Why this pattern beats rigid RAG pipelines

Example: user asks "What's 23% of our Q3 revenue?"

Rigid RAG embeds the question, retrieves irrelevant doc chunks about percentages, hallucinates a number
Agentic RAG: Claude sees "23% of $X" is arithmetic plus lookup, calls search_internal_docs("Q3 revenue"), gets $4.2M, calls calculate("4200000 * 0.23"), answers "$966,000 based on Q3 financials (kb/finance/q3-2026.md)"

The LLM's routing decision is the intelligence, not the retrieval algorithm.

Prompt caching for heavy agents

Tool definitions plus system prompt are repeated every turn. Cache them:

resp = claude.messages.create(
    model=MODEL, max_tokens=2048,
    system=[{"type": "text", "text": SYSTEM, "cache_control": {"type": "ephemeral"}}],
    tools=TOOLS,
    messages=messages,
)

For a 6-turn agent call, cache hit savings are roughly 80% on input tokens.
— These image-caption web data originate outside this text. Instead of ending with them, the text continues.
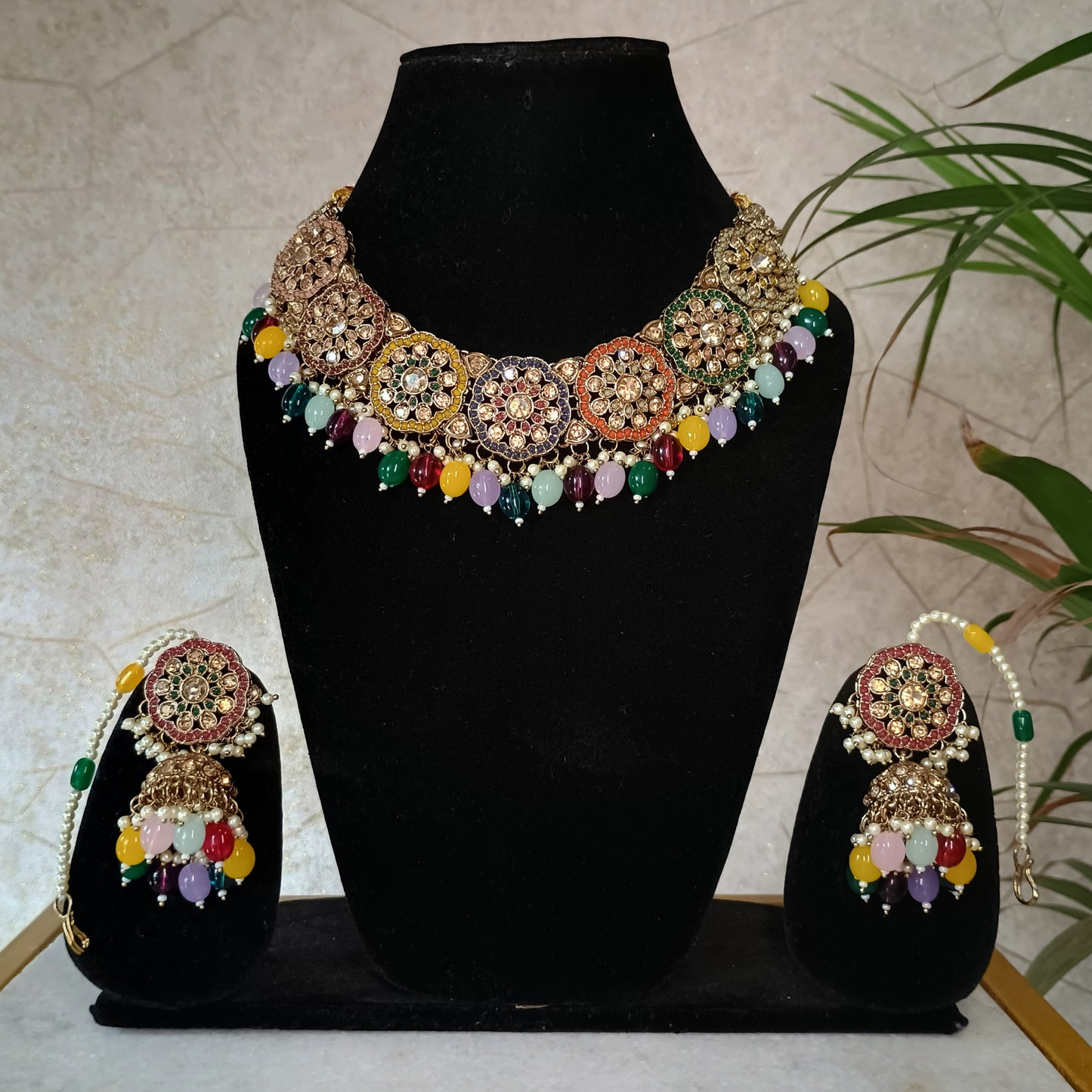Antique Multicolor Choker Jewellery Set with Maangtika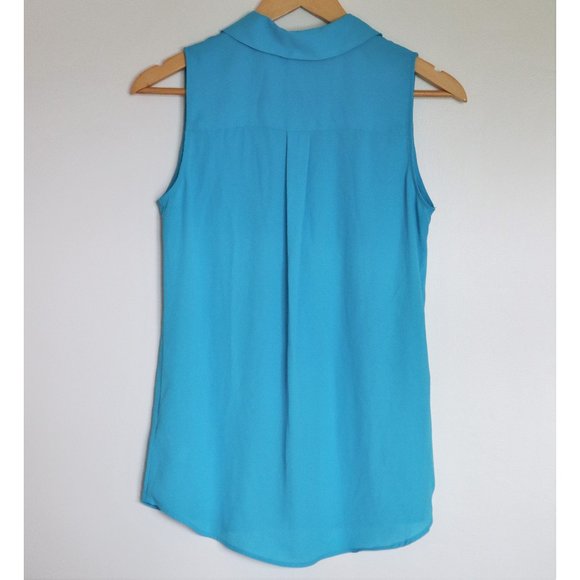Express Blue Collared Sleeveless Blouse - Picture 2 of 7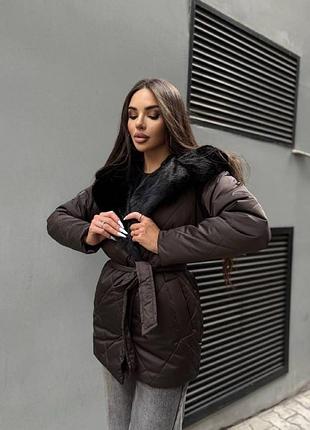 Жіноча зимова довга курточка з капюшоном шоколад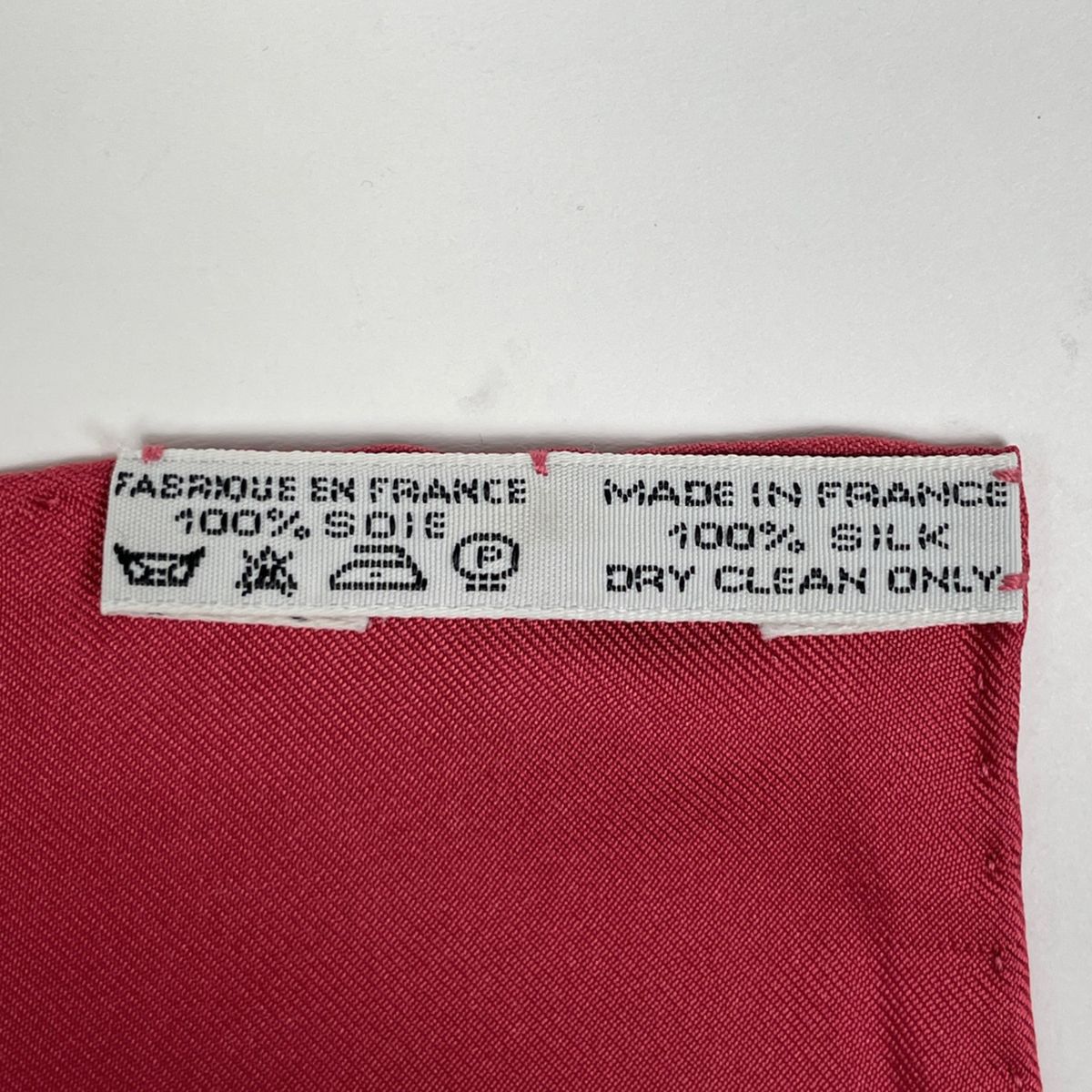 エルメス HERMES カレ 90 LES TAMBOURS タンブールの太鼓 王冠 スカーフ シルク レッド マルチ レディース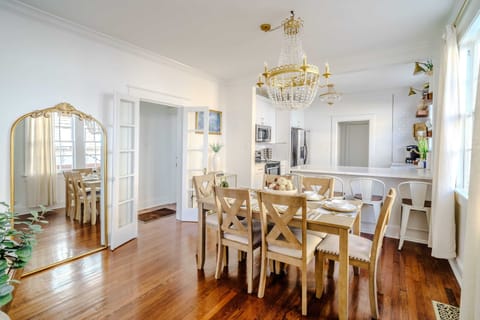 Dining Room #1: Comfortably seats 6.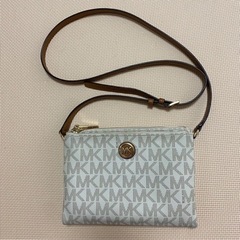 決まりました❤極美品❤ MICHAELKORS ウォレットショル...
Evaluation: how to know it's working

Build a small eval set:

EVAL = [
    {"q": "What's our PTO policy?", "expect_tool": "search_internal_docs", "expect_cite": "./kb/hr/"},
    {"q": "Who is the current US president?", "expect_tool": "web_search"},
    {"q": "What's 15 * 234?", "expect_tool": None, "expect_answer_contains": "3510"},
    {"q": "What's the CEO's personal phone number?", "expect_tool": "respond_with_uncertainty"},
]

# For each, run the agent, inspect the trace (capture tool calls into a list).
# Metrics: right tool chosen, right source cited, final answer accurate.

Resume angle

"Designed an agentic RAG system where Claude treats retrieval as a tool-use decision rather than a pipeline. Implemented source routing (internal vector store vs. web), iterative context gathering (chunk to full document), and honest uncertainty handling via a dedicated 'I don't know' tool. Reduced irrelevant retrievals by 60% vs. naive RAG on internal eval."